Needless to say, we are building a network beyond the budget we're being given, so duct tape and Linksys devices are being applied liberally throughout this project.

One problem we've encountered this year is that we need a few network devices to be on the same layer two network while being two miles apart. These two sites don't have line of sight, so we're using two microwave links to bounce off a third site between them, while these links also need to carry a few other L2 domains. A perfect application for VLAN tagging.

The problem is that this middle site needs to run several repeaters and all of it's network gear off of a generator and batteries for all weekend. The traditional technique of using managed rack-mount switches on every hop of a VLAN trunk is problematic since a single rack-mount switch exceeds our power budget for all the network gear at the middle radio site. Ideally, we find a small low-power managed switch to use, but I really want to just use a 5 port dumb workgroup switch in the middle since it runs straight off of 12V and only consumes a few watts.

Conventional wisdom dictates that you can NOT move 802.1Q VLAN tagged traffic through unmanaged network switches.


Plot twist: apparently this is wrong. I took the time to set up a test where I used two L2 managed switches to tag and untag Ethernet traffic, and then put various unmanaged switches between them on their trunk line, and the VLAN tunnel kept working... This is really unexpected; I've had several networking techs tell me prior that what I did wasn't possible, since the MTU of Fast Ethernet switches is only 1514 and the extra four bytes added by 802.1Q will break things.

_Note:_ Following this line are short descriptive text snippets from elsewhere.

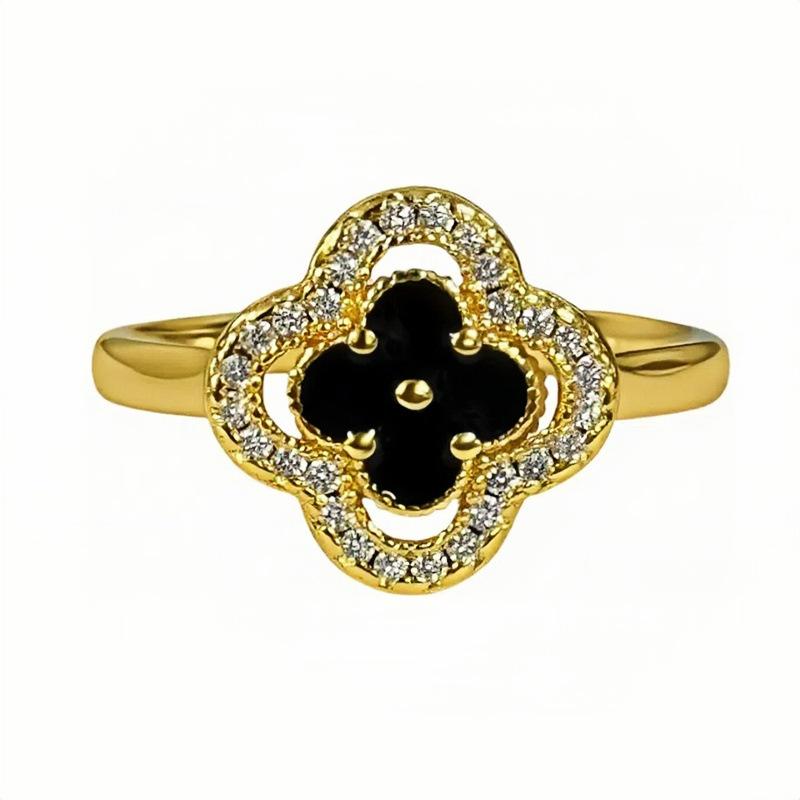 Niche High-End Zircon Enamel Dripping Oil Dark Four-Leaf Clover Open Ring, Female Delicate Personality Stacked Index Finger Ring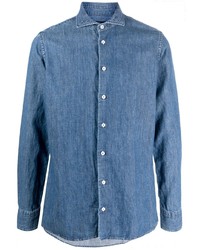 Мужская синяя классическая рубашка от Lardini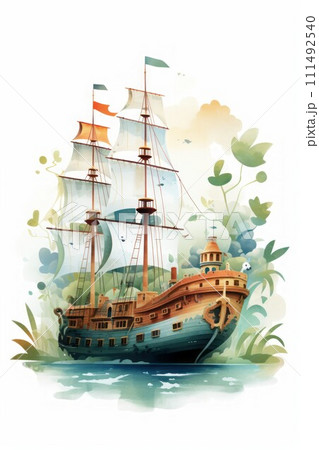 Pirate ships and sail in watercolor style on white background Created with Generative AI technology. Pirate ships and sail in watercolor style on white background Created with Generative AI technology. 111492540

As far as I can tell, none of the possible failure conditions we came up with cropped up during testing:

  • Dropping the 1514+4 frames.
  • Crashing
  • Truncating the last four bytes
  • Severely lowered throughput (The switches even continued to perform MAC learning)
Taking my experiment a set further, I plugged the unmanaged switches between a pair of GigE Linux systems and bisected the maximum L2 MTU that the switches could handle. The minimum needed for standard Ethernet is 1514, for VLAN tags 1518:
  • SD216 v2.1 - 16 port Linksys Fast Ethernet switch - 1532
  • SR224 - 24 port Linksys switch - VLANs worked, but physically destroyed before maximum MTU could be measured.
  • ASW308P vA2 - 8 port AirLink 101 PoE switch - 1532
  • FS608 v3 - 8 port NetGear switch - 1532
  • DS104 - 4 port dual-speed hub (!) - at least 4014. NIC MTU limited further testing
So it would appear that the standard MTU for Fast Ethernet switches isn't 1514, but actually 1532, which leaves a comfortable margin for the extra four bytes needed for 802.1Q tagging. Am I missing something, because I really thought this wouldn't work before I tested it.

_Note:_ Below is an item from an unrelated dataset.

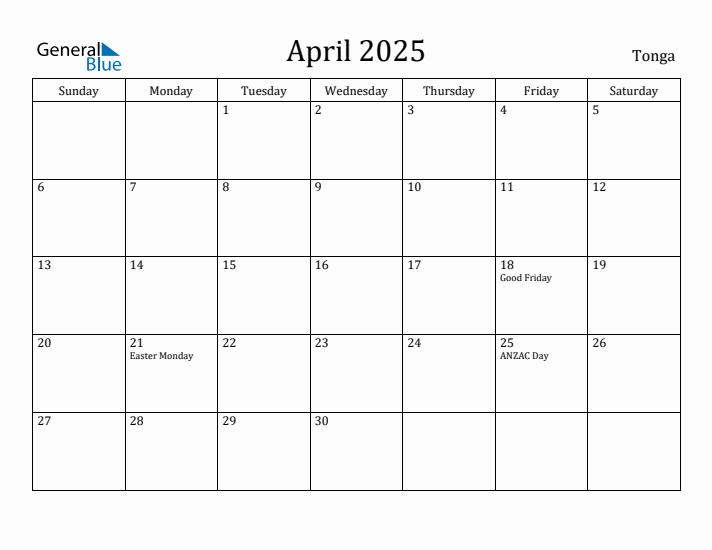 April 2025 Calendar Tonga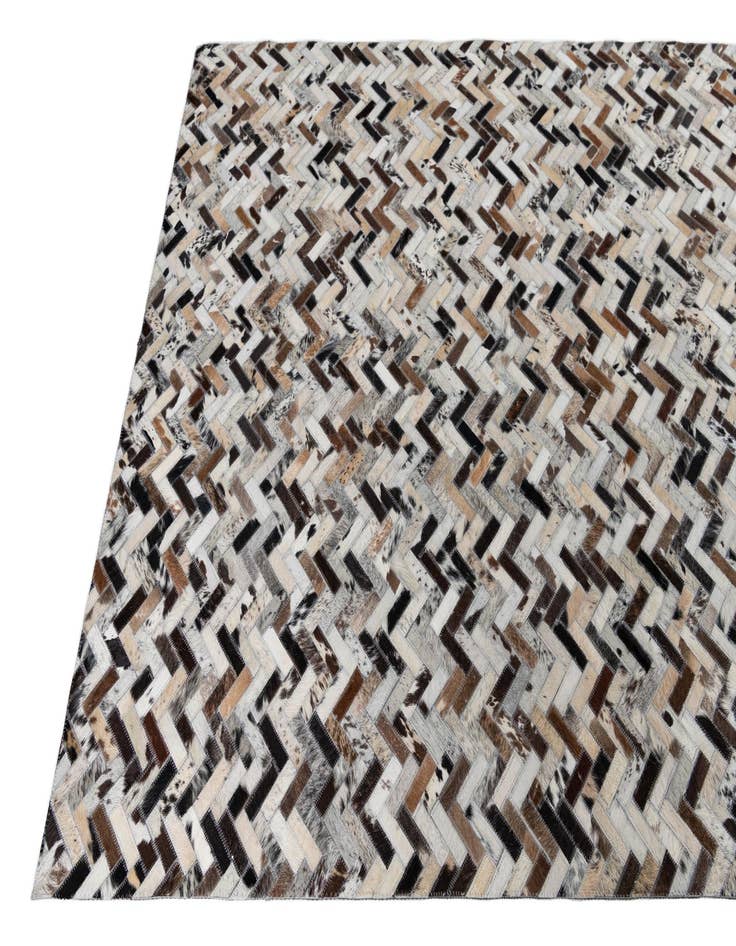 Detail image of  5' 1 x 7' 8 Cowhide Leather Rug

For reference, here is the MTU's of the rest of the hardware I used for these experiments, on layer 3:
  • RTL-8139 Fast NIC: 1500 L3
  • BCM5722 GigE: 1500 L3
  • RTL-8169 GigE: 7152 L3
  • Intel 82571EB dual-GigE: 9216 L3
  • RTL-8111G GigE: 4080 L3
  • NanoBridge M5: 2024 L3 (set via web interface)
I didn't bother testing if anything allowed a larger than 14 byte Ethernet header with these L3 MTUs, so you may have a bad time trying to run VLANs with the MTU cranked all the way up. I also didn't bother researching device drivers, so you may be able to push these higher with not stock Debian drivers.

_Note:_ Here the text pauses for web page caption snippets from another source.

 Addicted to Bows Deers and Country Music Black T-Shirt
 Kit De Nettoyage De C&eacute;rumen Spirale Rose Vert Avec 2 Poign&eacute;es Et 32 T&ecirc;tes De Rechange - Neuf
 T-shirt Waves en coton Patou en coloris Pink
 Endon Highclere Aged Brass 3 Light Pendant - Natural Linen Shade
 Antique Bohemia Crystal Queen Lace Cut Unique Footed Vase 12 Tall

I also never saw ANY device successfully send ICMP responses for MTU discovery, so jumbo frames appear to still definitely be a thing for specially designed networks, for the record.



My testing process involved increasing the Linux system MTUs via "ifconfig eth0 mtu ####" until I got a "SIOCSIFMTU: Invalid argument" error, then placing the unmanaged switch between the two systems running iperf and lowered the MTU on one of them until the TCP connection stopped black-holing into the switch, which all silently dropped over-sized jumbo frames.